President Trump has real support among Hispanic voters!

The National Association of Latino Elected and Appointed Officials (NALEO) is hosting a presidential candidate forum for Democrats on June 21, 2019 in Miami, Florida. The  NALEO Educational Fund and Latino Decisions conducted a poll and found that Latinos are following Election 2020 very closely.  More than eight in ten (84 percent) Latino voters reported being likely or certain to vote in November 2020.

The NALEO/Latino Decisions Spring 2019 National Poll found the following top issues:

  • Lowering the costs of health care – 37%
  • Improving wages and incomes – 24%
  • Protecting immigrant rights – 19%
  • Creating more jobs – 19%

Twenty-five percent of those polled view President Trump as somewhat (13%) or very (12%) favorable. Only 15% of those polled put as a priority ‘stopping Trump and the Republican agenda.”

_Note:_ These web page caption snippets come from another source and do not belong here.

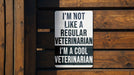a sign on a wooden fence that says i'm not like a regular veteran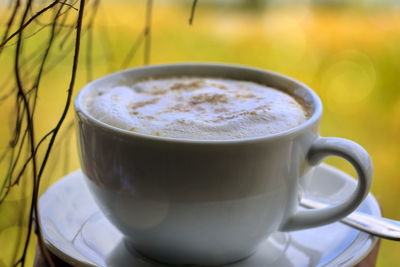 Close-up of coffee cup on table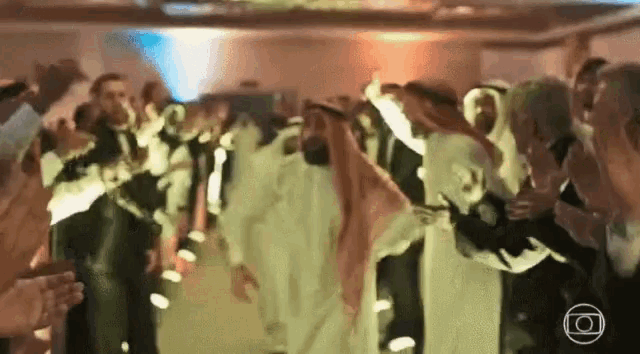 a group of people are dancing in a room with a circle in the middle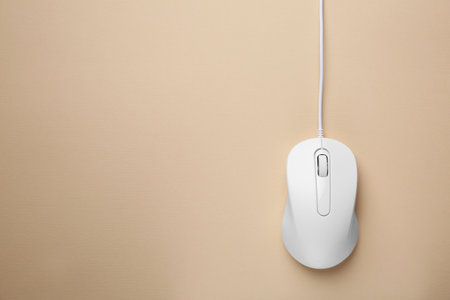 One wired mouse on beige background, top view. Space for text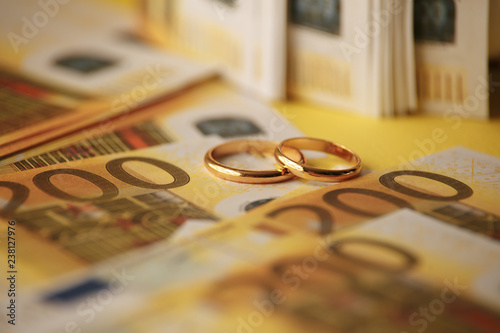 Two wedding rings and money as symbol for an expensive alliance. Golden wedding rings on euro banknotes background. Marriage of convenience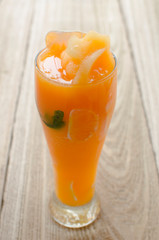Fototapeta na wymiar natural tangerine and ice smoothie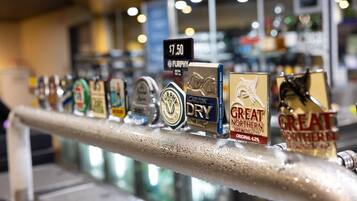 Un bar proposant une variété de bières à la pression, notamment des marques comme Carlton Dry et Great Northern Brewing Co.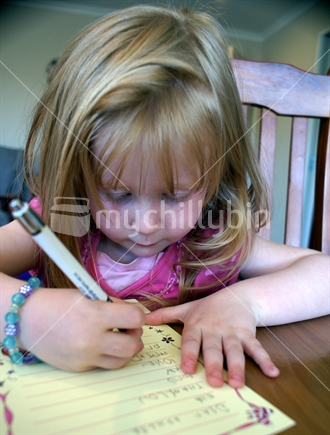 A young girl carefully writes a letter (face in focus)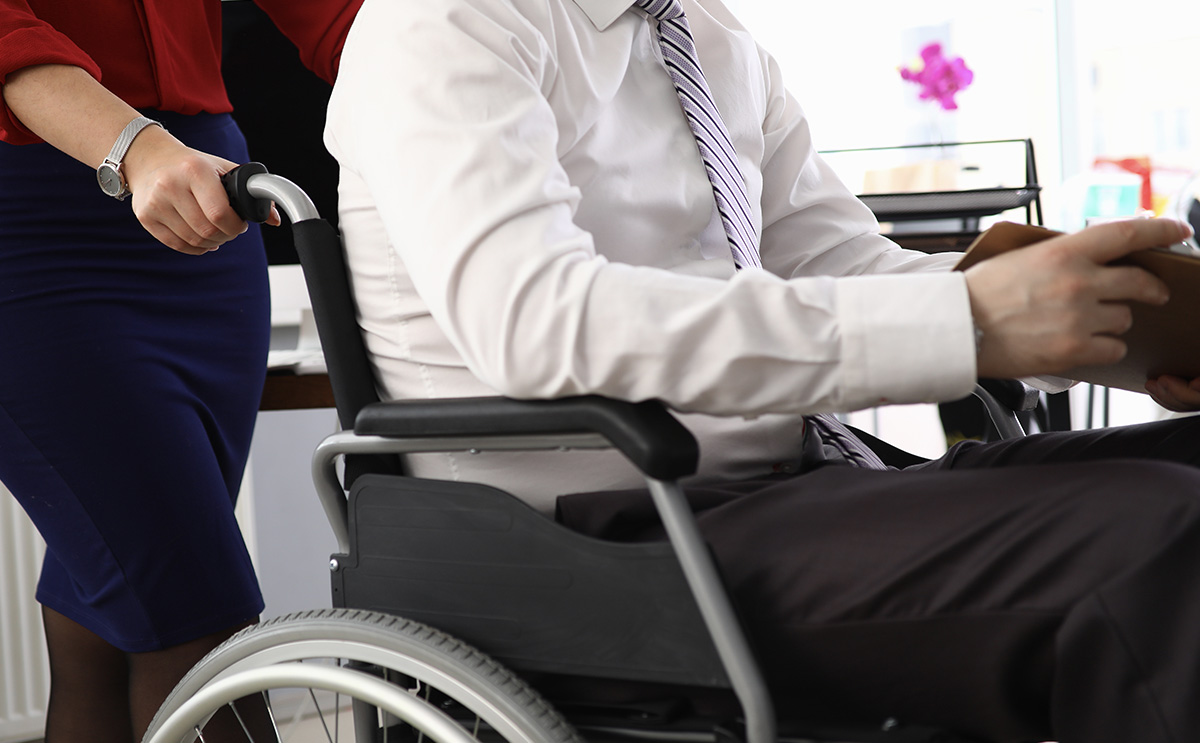 A man being pushed in a wheelchair at work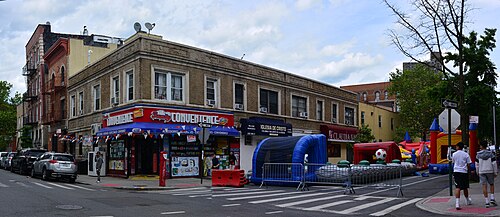 A church street carnival closing East 189th Street at Hughes Avenue, inflatable rides in the roadway and a corner convenience store behind them.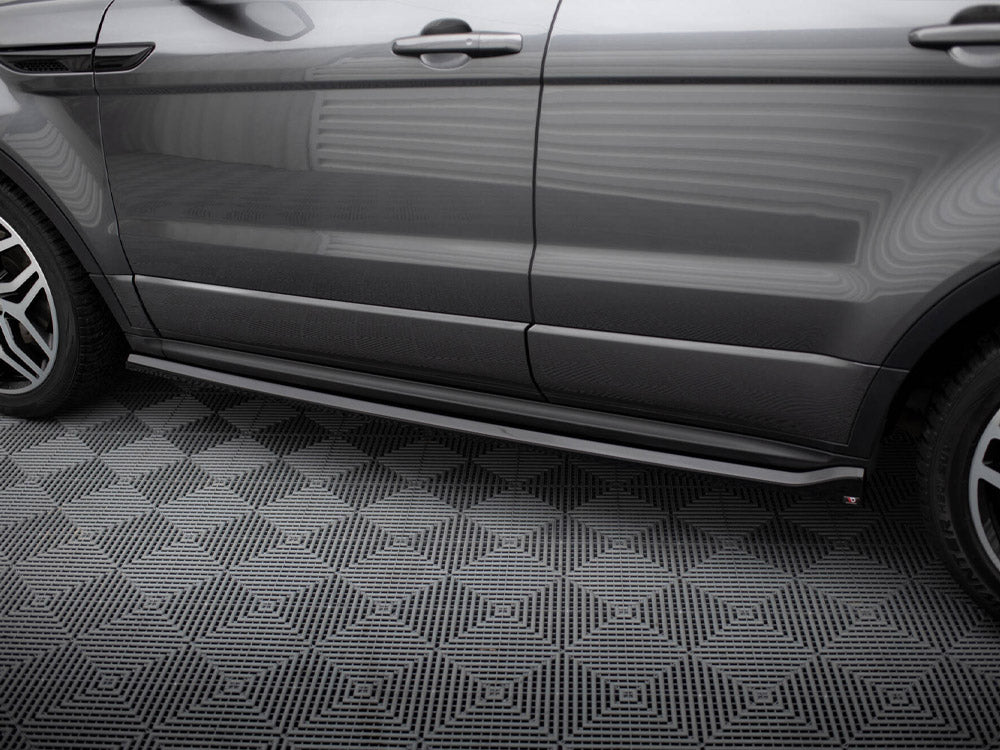 A gray car viewed from the side is parked on a textured, geometric-patterned surface in a well-lit indoor setting.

The Washington Post in a column titled “Trump’s support among Hispanics and Latinos is real. Don’t assume it will fade” reported:

Recent YouGovQuinnipiac and Post-ABC News polls put his approval rating among Hispanics at 27 percent, 23 percent and 18 percent, respectively. Those numbers average out to about 23 percent — that’s a substantial chunk, and it’s not so different from his 2016 vote share. According to demographers Ruy Teixeira, Rob Griffin and John Halpin, Trump won 29 percent of the Latino vote against Hillary Clinton in 2016.

That roughly 25-30 percent of figure shows up elsewhere in the data.

President Trump has support in the Hispanic community with his pro-growth and pro-American workers agenda. The President’s recent efforts to lower healthcare costs can only help him.

As WaPo notes:

There’s one obvious reason that the Hispanic and Latino vote splits up and isn’t monolithic: Hispanic and Latino voters aren’t one identity homogeneous group. As with every other large racial and ethnic category (white, black, Asian), there’s a lot of internal diversity when you look under the hood.

[ … ]

It’s true that most Hispanic and Latino voters are Democrats, but some of the same political beliefs and identities that motivate non-Hispanics and non-Latinos to become Republicans, including religion, gender and partisanship also influence Latinos and Hispanics. Roughly 30 percent of them are a consistent Republican base.

The Democrats may be going down the wrong path when it comes to policies like de-funding ICE, raising taxes and pushing the $15 minimum wage, which all hurt job creation and wages. Giving free healthcare to illegal aliens rather than Hispanic citizens may be the deal breaker.

President Trump is kicking off his 2020 campaign in Orlando, Florida. Florida is key to his re-election. The Hispanic vote in the Sunshine state is important to both parties in 2020.